In the upcoming weeks, Edwards intends to continue campaigning on expanding Social Security, spending more on schools, and tighter gun safety laws, among other issues, according to campaign spokesman Benjamin Gerdes.
"Marylanders across the state are learning about Donna's record of leadership, whether that's providing after school meals to children in need, holding health insurance companies accountable, or protecting thousands of jobs at NASA Goddard," Gerdes said.
However, Van Hollen's status as a "party favorite" could give him a significant edge, according to Kasniunas.
"Chris has spent his years in Congress carefully cultivating relationships with other members," she said. "His leadership within the DCCC (Democratic Congressional Campaign Committee) is a testament to his ability to work with and for others in the Democratic Party and is manifesting in the number of endorsements he is receiving and the large amounts of money he is raising."
Van Hollen plans to continue campaigning in the coming days on schools and jobs, said campaign spokeswoman Bridgett Frey.
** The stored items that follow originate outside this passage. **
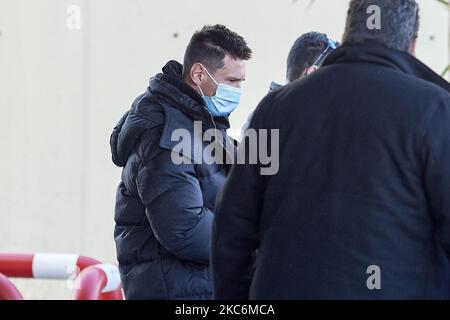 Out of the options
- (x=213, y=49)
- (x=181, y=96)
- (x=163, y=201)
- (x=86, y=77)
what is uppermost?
(x=213, y=49)

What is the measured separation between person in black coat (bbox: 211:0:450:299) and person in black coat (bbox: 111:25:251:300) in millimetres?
674

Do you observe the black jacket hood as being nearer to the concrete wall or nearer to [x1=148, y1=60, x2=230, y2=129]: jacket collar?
[x1=148, y1=60, x2=230, y2=129]: jacket collar

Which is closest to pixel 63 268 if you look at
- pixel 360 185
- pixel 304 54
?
pixel 304 54

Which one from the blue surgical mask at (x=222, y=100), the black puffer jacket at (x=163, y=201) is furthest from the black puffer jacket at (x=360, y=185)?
the blue surgical mask at (x=222, y=100)

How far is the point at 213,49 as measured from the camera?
325 cm

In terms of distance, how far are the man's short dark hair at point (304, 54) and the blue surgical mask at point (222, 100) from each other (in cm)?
45

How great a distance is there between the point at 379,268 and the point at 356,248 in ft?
0.21

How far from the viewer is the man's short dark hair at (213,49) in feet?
10.6

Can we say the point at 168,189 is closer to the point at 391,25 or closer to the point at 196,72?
the point at 196,72

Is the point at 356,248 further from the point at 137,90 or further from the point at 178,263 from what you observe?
the point at 137,90

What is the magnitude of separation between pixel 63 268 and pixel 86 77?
4.34ft

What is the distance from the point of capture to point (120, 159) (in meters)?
3.15

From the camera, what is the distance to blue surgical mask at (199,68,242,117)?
10.5 ft
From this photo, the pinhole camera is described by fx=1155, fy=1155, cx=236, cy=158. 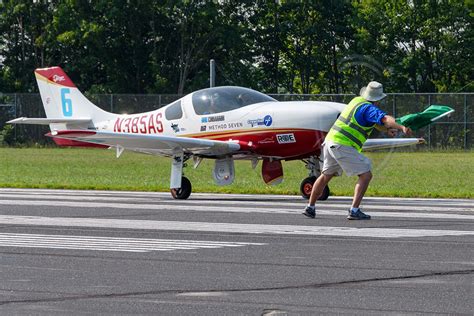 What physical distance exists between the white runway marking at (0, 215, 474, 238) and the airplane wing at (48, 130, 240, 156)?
538 centimetres

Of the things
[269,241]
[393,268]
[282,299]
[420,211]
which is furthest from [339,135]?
[282,299]

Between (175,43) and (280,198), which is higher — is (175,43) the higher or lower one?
the higher one

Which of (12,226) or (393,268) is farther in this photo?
(12,226)

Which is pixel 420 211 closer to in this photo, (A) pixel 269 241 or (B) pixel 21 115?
(A) pixel 269 241

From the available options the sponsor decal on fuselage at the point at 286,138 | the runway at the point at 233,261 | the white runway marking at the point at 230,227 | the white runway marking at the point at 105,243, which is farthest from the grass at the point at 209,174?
the white runway marking at the point at 105,243

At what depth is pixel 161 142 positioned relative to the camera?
69.6 feet

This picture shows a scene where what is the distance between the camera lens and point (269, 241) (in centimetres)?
1259

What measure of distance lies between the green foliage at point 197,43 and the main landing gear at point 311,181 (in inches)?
1249

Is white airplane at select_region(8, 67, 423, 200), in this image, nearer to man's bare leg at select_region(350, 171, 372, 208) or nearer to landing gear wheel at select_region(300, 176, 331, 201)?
landing gear wheel at select_region(300, 176, 331, 201)

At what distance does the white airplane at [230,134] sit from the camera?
790 inches

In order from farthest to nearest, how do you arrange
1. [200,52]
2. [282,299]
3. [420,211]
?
[200,52] < [420,211] < [282,299]

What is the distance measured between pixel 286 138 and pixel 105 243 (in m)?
8.25

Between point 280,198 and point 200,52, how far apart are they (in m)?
37.7

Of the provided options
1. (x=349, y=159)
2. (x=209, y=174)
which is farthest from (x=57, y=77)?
(x=349, y=159) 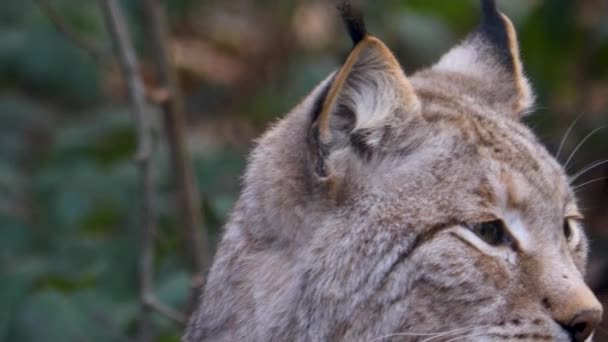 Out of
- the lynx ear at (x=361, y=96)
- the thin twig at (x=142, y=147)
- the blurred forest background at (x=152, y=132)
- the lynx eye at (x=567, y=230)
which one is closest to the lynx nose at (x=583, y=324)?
the lynx eye at (x=567, y=230)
"As Chris talks to voters across the state, it's clear his message about moving Maryland forward is resonating with working families," she said. "People are tired of politicians who talk a big game but don't take action, and they know this election isn't for sale to the highest super PAC bidder."
Republican Senate front-runners include Maryland State Delegate Kathy Szeliga of Baltimore County and Richard J. Douglas, a lawyer with Pentagon experience from Montgomery County, both face a more difficult challenge in the upcoming primary.
This is not only because 59 percent of Republican voters were undecided, according to a March 13 poll conducted by The Baltimore Sun and the University of Baltimore. In recent years, the Maryland Senate seats have been held by Democrats.
Paul Sarbanes took over the seat in 1977 from Republican John Beall and Sen. Barbara Mikulski won Maryland's other seat in 1986 after the retirement of Republican Charles Mathias.
Mikulski will have served for 30 years when she retires at the end of her term and, most likely, gives her chair to either Van Hollen or Edwards.